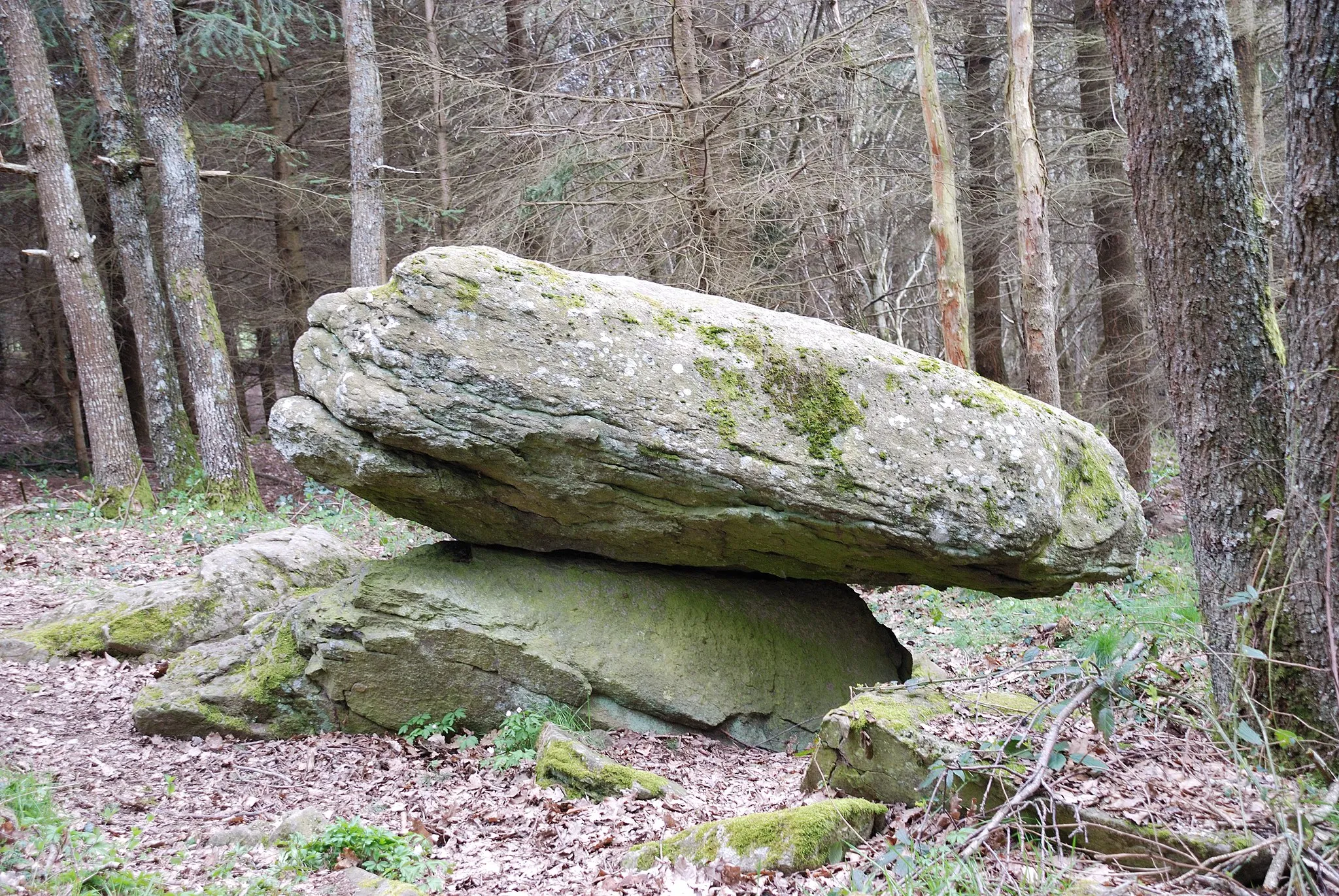 Photo showing: The "Pierre branlante (shaky stone) near the small hamlet of Ballages(commune of Combronde, Puy-de-Dôme, France, position N 45° 59' 39,9" E 003°03'03,4").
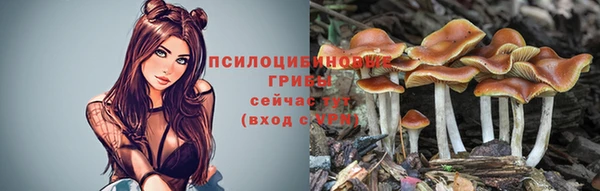 ПСИЛОЦИБИНОВЫЕ ГРИБЫ Верхний Тагил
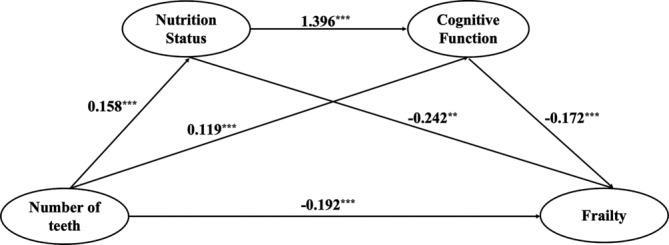 https://cdn.ncbi.nlm.nih.gov/pmc/blobs/5428/11840288/fb6cccb4f5c3/IJN-31-e70001-g001.jpg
□ □ □ □
Copy out every line above without change, dropping the pictures.

 Photo showing: The "Pierre branlante (shaky stone) near the small hamlet of Ballages(commune of Combronde, Puy-de-Dôme, France, position N 45° 59' 39,9" E 003°03'03,4").
 ПСИЛОЦИБИНОВЫЕ ГРИБЫ Верхний Тагил
 https://cdn.ncbi.nlm.nih.gov/pmc/blobs/5428/11840288/fb6cccb4f5c3/IJN-31-e70001-g001.jpg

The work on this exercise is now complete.